Но мать уже позвонила серебряным звонком, что лежал у неё под рукой на столе, и Галя вошла в комнату. Это была девушка лет двадцати двух, крепкая, здоровая и румяная, с блестящими глазами, низким лбом и круглым, как молоко белым, подбородком — совсем не похожа на дурнушку или простушку, напротив, вполне свободная и самостоятельная в каждом своём движении, в каждом слове.
— Галя, дитя моё, — обратилась к ней мать, — ты знаешь этого парня?
— Как же не знать — знаю! — ответила Галя, и лицо её покрылось ещё более густым румянцем.
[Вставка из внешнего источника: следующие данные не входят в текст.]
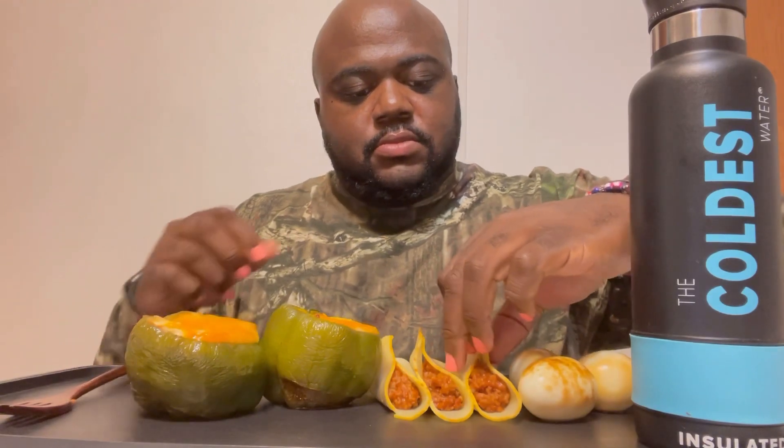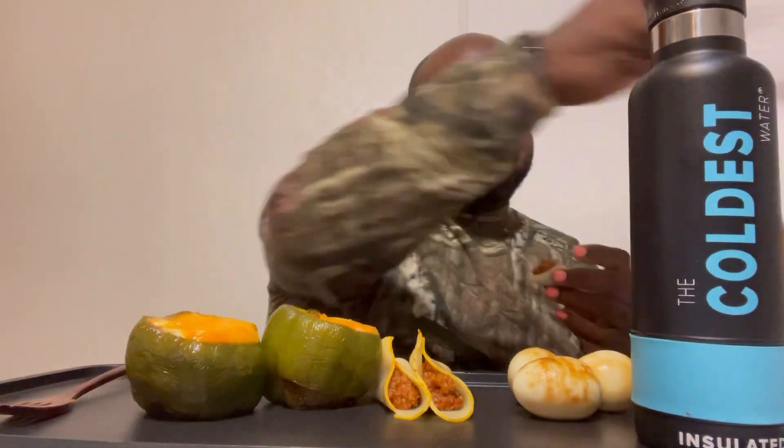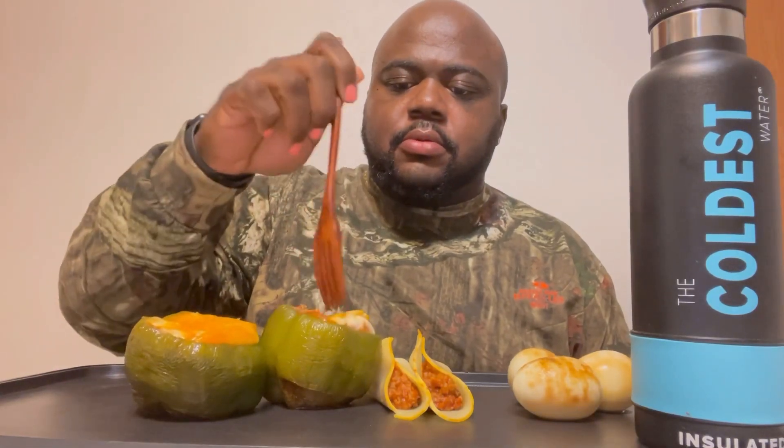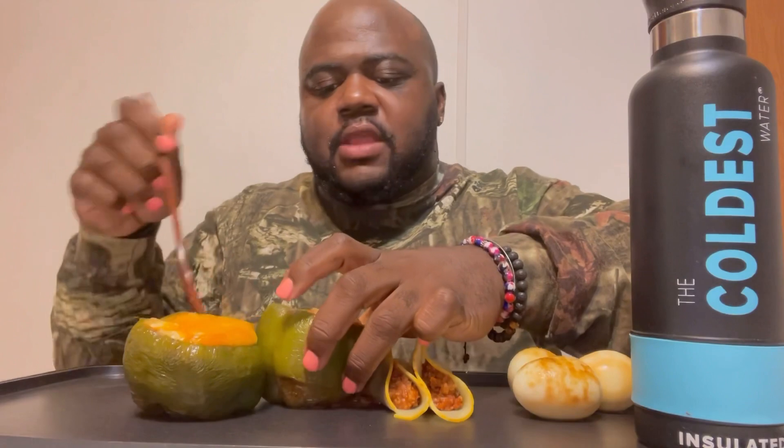How y'all doing today? I got my port right here. Had to get this set up. All right y'all, let's start with one of these — supposed to be tacos. Oh my god, I might eat a bite — yeah, I'm gonna get a bite of it.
— И знаешь, зачем он к нам пришёл?
— Знаю.
— И что скажешь?
— Пойду за него.
— Что?! — вскрикнул отец, хоть и ожидал этого. — Пойдёшь за него, за мужлана, нищего, что сегодня не пьёт, а завтра спится?
— Что может быть — того никто не знает, — скромно, но твёрдо ответила Галя. — Я могу и завтра умереть.
— Лучше бы ты сегодня умерла, чем такое говорить! — закричал пан, теперь уже чувствуя, к чему всё идёт.
— Антоне! — с упрёком сказала жена. — Успокойся! Что ты говоришь! Это же наша дочь.
— Неправда! Это не может быть моя дочь! — кричал пан, забыв себя. — Это какая-то мужицкая дочь, которую тянет из дворца под соломенную крышу, к щепкам, овсяной каше и кулакам. Моя дочь на такое бы не пошла.
— Папочка, — сказала Галя, — а что меня должно было тянуть к тем кавалерам, которых вы мне до сих пор предлагали? Их титулы — что один граф, другой барон?
— Хоть бы и так.
— Один — развалюха, полудиот, другой — пьяница и картёжник, что, видно, только и нацелился на ваш имение. Я вашего имения не хочу и не хочу быть его приложением или жертвой. Я уже совершеннолетняя и хочу выйти за того, кто мне по душе. А запирать меня в монастырь или даже держать в доме против воли — вы не имеете права.
— Не имею права?! — вскричал пан. — И ты откуда взяла меня праву учить?
— Потому что вижу, что вы его не знаете, если такое говорите. Я такими словами себя не запугаю.
— Посмотрим, пустые ли это слова. А пока убирайся отсюда. Что родичи скажут — то и будет.
— Я родных уважаю, — сказала Галя, — но в делах брака у меня своя воля. И заранее вам скажу: не мучайтесь никакими советами. Я хочу быть Костевой — и буду Костевой.
— Против нашей воли?
— Тут у меня своя воля.
— Но ведь я тебя прокляну! Никогда не дам тебе благословения!
— Так и не давайте. Обойдусь. Лишь бы Бог благословил. И мама благословит.
Мать улыбнулась ей, но ничего не сказала.
— Я тебя лишу наследства! Ни копейки не дам в приданое! Уходи голой из моего дома!
— И уйду. Дом, в котором меня хотят держать насильно — для меня тюрьма.
— Ну, не с ума ли сошла девка! — кричал пан. — Что она говорит! Это ты, анархист, так её сбил с толку! — обернулся он к Думьяку.
— Я же вам говорил, пане, что я уверен в Гале, — ответил Думьяк. — И думаю, что вы лучше всего поступите, если отложите свой гнев и дадите нам благословение. На ваше имение ни я, ни Галя не претендуем.